When the singletrack-slanted event's final stage traverses through Whistler on July 13, riders will use the Nordic overpass to the west-side trails to avoid putting any rubber on the Sea to Sky Highway.
In 2016, the Whistler stage coincided with travellers heading north for the Pemberton Music Festival, straining the thoroughfare to its limits.
Whistler course director Grant Lamont said even though the festival has been cancelled, the race would use a route that does not interrupt traffic flow.
"In our original proposal last year, we put forward a plan to use the Nordic overpass and the Valley Trail going down past Wayside Park. We're doing that this year after we had some traffic issues last year," he said. "We're going to be crossing the highway, but there aren't going to be any highway stoppages."

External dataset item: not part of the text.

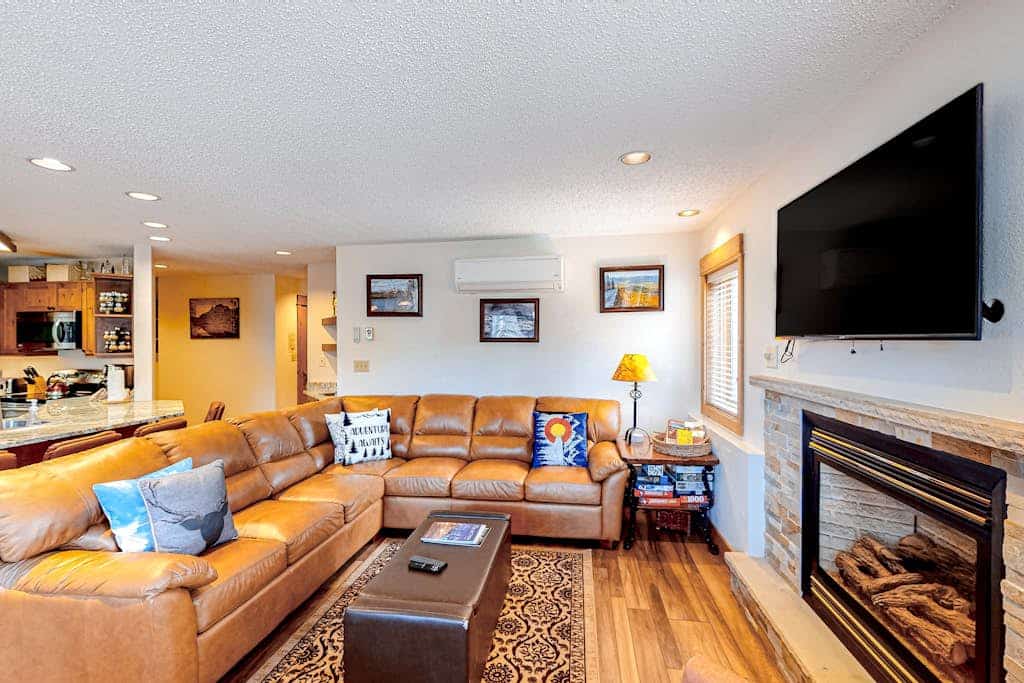 Serene ski condo with a private dry sauna, gas fireplace, AC, & pool access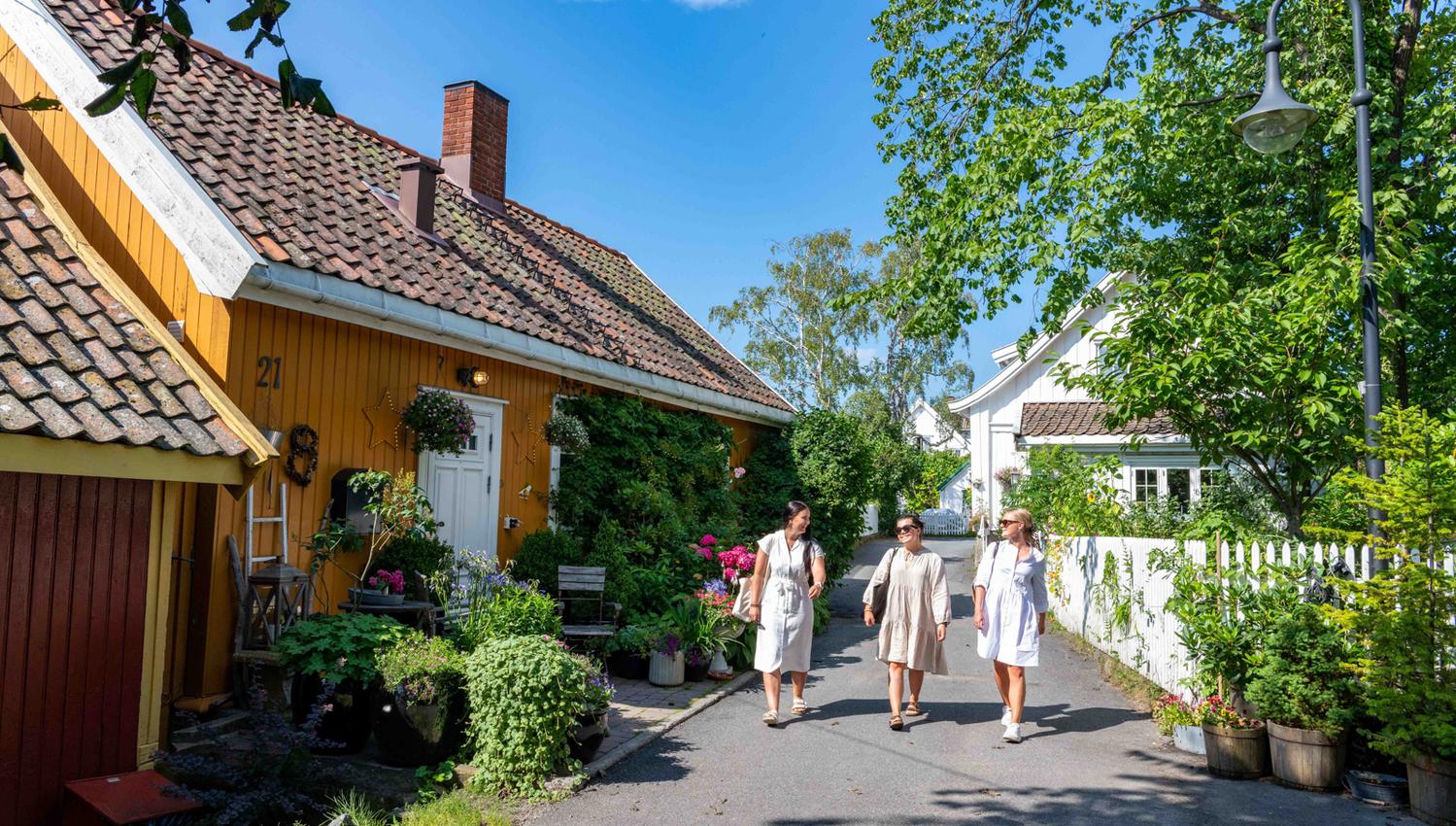 The Badehus road in Drøbak, yellow house and tree women walking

From the public perspective, using the overpass will be the most noticeable change, but for riders, there will be a few other changes to the route as they meander their way from Cheakamus Crossing to the Rainbow Park finish line, capping the seven-day stage race.

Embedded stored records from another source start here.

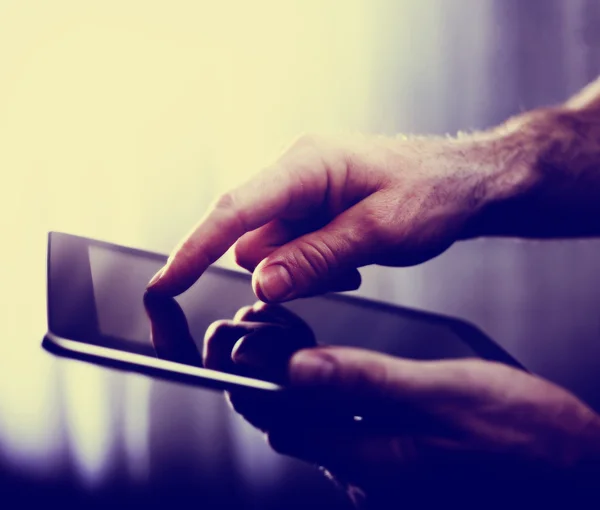 Hands typing on a tablet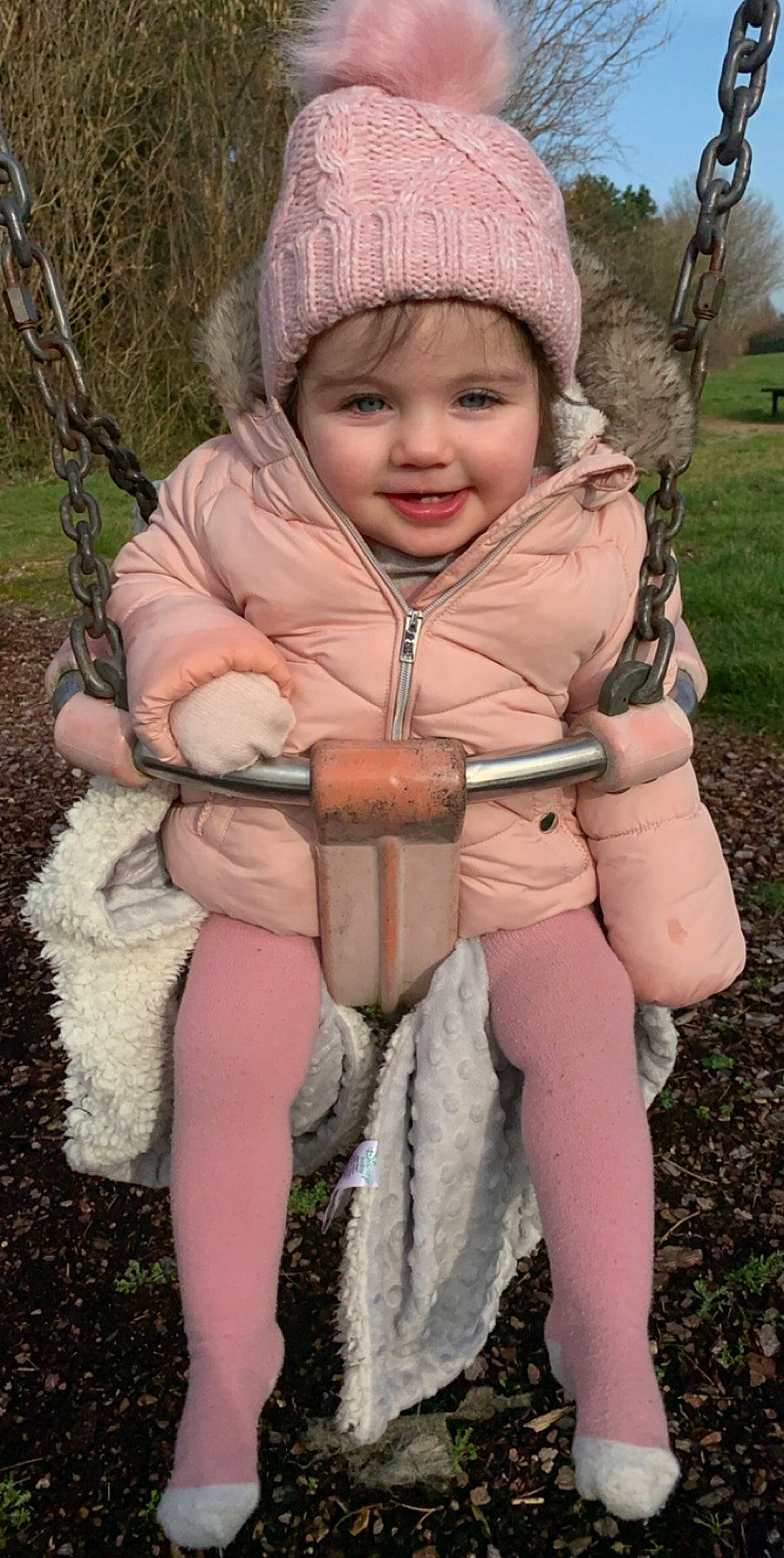 Lexie is registered to the contest to win money with this photo: child, fur, headwear, joy, person, sitting, smile, swing, toddler, tree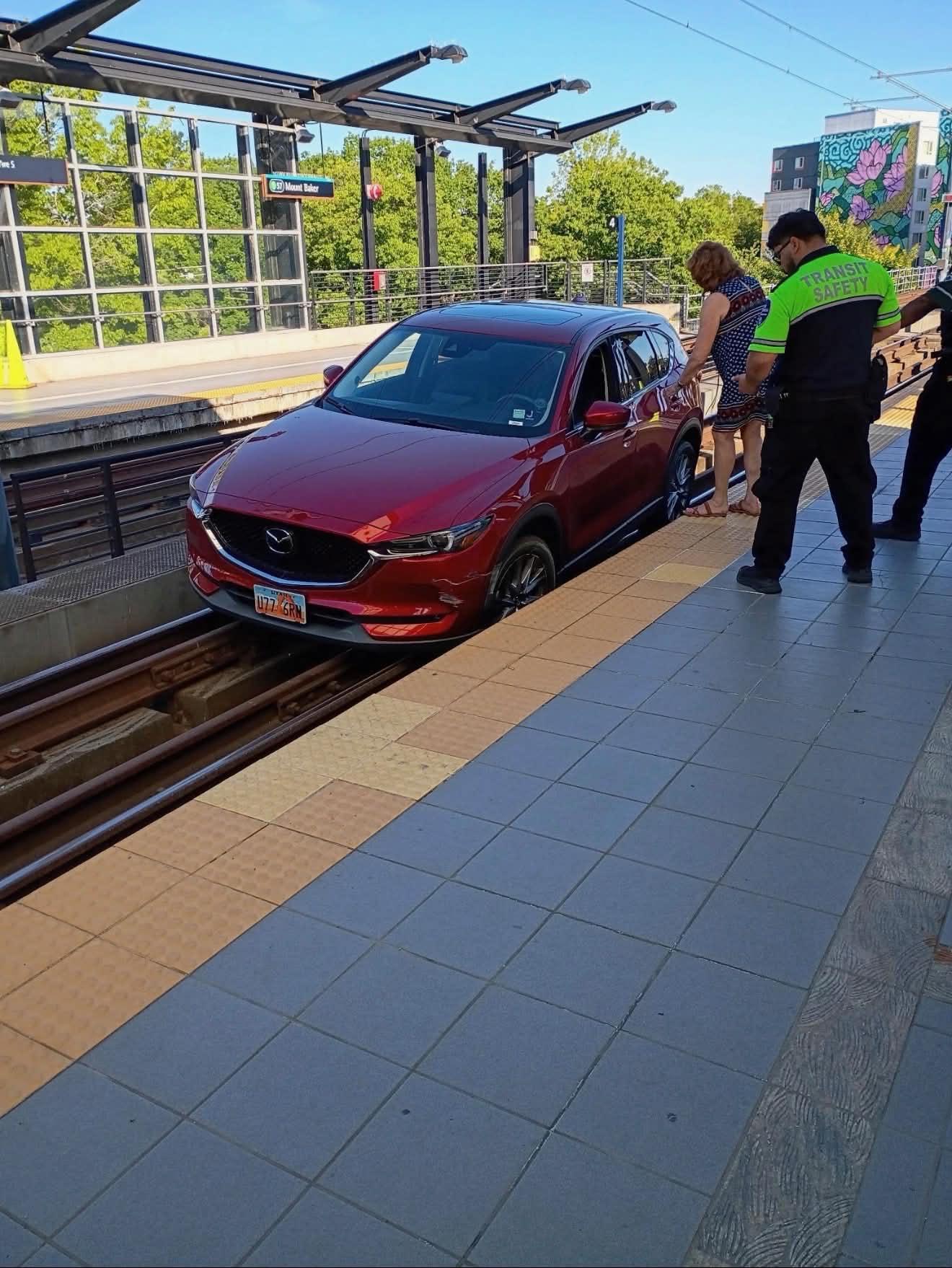 A red car on the rail track in a station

"We've made a minor change to the trails we're using on the west side. This year, we're going to stick with entering Stonebridge and going into Middle Danimal and Piece of Cake and A La Mode, but there's also some new climbing trail that takes people off the forest service road onto Lower Sproatt," Lamont explained. "We're psyched about that, that WORCA (Whistler Off-Road Cycling Association) has built three new little sections of climbing trail to eliminate a lot of the steep, punchy climbs up at the top.
"We're also excited to be adding A Cut Above, a new two-year trail project that we had up on Sproatt, that goes from Beaver Path to Whip Me Snip Me at the bottom."
Lamont explained that the west-side trails are becoming so built-up that he hopes to use them exclusively for 2018's course.
"We don't like to do the same thing too many times in a row. We always like to keep it fresh. I'm anticipating, hopefully, doing a complete west-side route with a start and finish at Rainbow Park next year," Lamont said. "We've been adding (to) and upgrading that network on the west side, so we really want to show it off."
Lamont noted there were concerns about gaining access to Kadenwood this year, though race organizers and the strata worked out an agreement.
"We'll be utilizing Kadenwood, after Tunnel Vision, to climb up (then) come down Dusty's Downhill and then to make a turn onto Snow Ridge Circle," Lamont said. "They had some concerns with events and safety, and we showed them our plan and they liked it."
BC Bike Race director of marketing Andreas Hestler noted the Whistler stage is slightly longer than in past years, with other stages seeing slightly shorter maps to offset it. While the seventh stage serves as a coronation for the champs, it's not exactly a simple victory lap.
"I always like to refer to Whistler as the Champs-Elysees (for the Tour de France). It's not necessarily a full parade lap since they still have to crush through ... something technical and significant," Hestler said. "This year, for the finale in Whistler, it's going to be a little bit more of a test."
Hestler said the field should be strong for the race, which officially kicks off in Cumberland on July 7 and takes competitors through Powell River, Earls Cove, Sechelt, Langdale, North Vancouver and Squamish en route to the finish in Whistler.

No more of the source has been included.